ILLINOIS APPELLATE COURT SECOND DISTRICT JUDGMENT REVERSED.
OPINION FILED NOVEMBER 6, 1985.
PAUL TOUFEXIS, PLAINTIFF-APPELLEE,
WILLIAM HUGHES, D/B/A HIBBARD BUSINESS BROKERS, ET AL., DEFENDANTS (THE DEPARTMENT OF REGISTRATION AND EDUCATION, DEFENDANT-APPELLANT).
Appeal from the Circuit Court of Kane County; the Hon. John L.
Petersen, Judge, presiding.
JUSTICE STROUSE DELIVERED THE OPINION OF THE COURT:
The Illinois Department of Registration and Education (Department) appeals from an order of the trial court that ordered the Department to pay the plaintiff, Paul Toufexis, certain sums of money from the Real Estate Recovery Fund (Fund) in the form of damages ($7,000), accrued interest ($1,699), costs of suit ($1,107), and attorney fees ($1,470.90).
The Department appeals and raises two alternative assignments of error in this court. Since we hold that the plaintiff was not entitled to payment from the Fund due to his failure to comply with the notice requirements of the controlling statute (Ill. Rev. Stat. 1981, ch. 111, par. 5718), it is unnecessary for us to consider the alternative issue.

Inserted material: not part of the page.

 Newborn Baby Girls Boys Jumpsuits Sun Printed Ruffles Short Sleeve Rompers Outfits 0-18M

On March 18, 1981, the plaintiff filed a complaint against William Hughes, d/b/a Hibbard Business Brokers, and Joseph Szatkowski, d/b/a Joe's Place. Hughes is a licensed real estate broker, while Szatkowski is the owner of a tavern the plaintiff sought to purchase. Subsequently, the court added HBB, Incorporated (formally known as Hibbard Business Brokers) as a party defendant. The complaint sought the recovery of $10,000 earnest money the plaintiff entrusted to Hughes as escrow agent. No notice was given to the Department at the commencement of this action.
The trial court granted the plaintiff's motion for summary judgment against Hughes and HBB, Inc., in the amount of $10,000 plus costs representing earnest money, purportedly held in a trust account to be returned to plaintiff.

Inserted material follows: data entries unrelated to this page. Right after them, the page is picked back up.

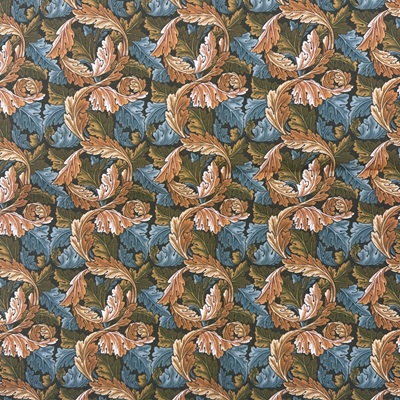 Digitaly Printed Poly-Cotton - Acanthus - Azure - C15 PCD018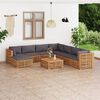 vidaXL 9-tlg. Garten-Lounge-Set mit Kissen Dunkelgrau Massivholz Teak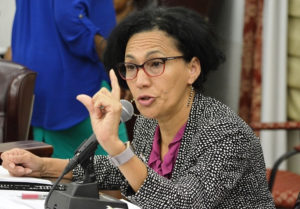 Sen. Nereida Rivera-O'Reilly (D-STX) asks questions about the government's contract with Bruckner Business Management & Consulting. (Photo by Barry Leerdman for the V.I. Legislature)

In October 1981, the plaintiff collected the sum of $3,050 in partial satisfaction of the judgment. Later that month the plaintiff learned that Hughes had filed for bankruptcy both as an individual and in behalf of his corporation and was subsequently discharged by the Federal Bankruptcy Court from the $10,000 judgment the trial court had originally entered against him.
The plaintiff then filed an unverified motion for payment from the Fund on December 21, 1983, and a notice of that motion to certain individuals. The Department did not receive notice until January 24, 1984.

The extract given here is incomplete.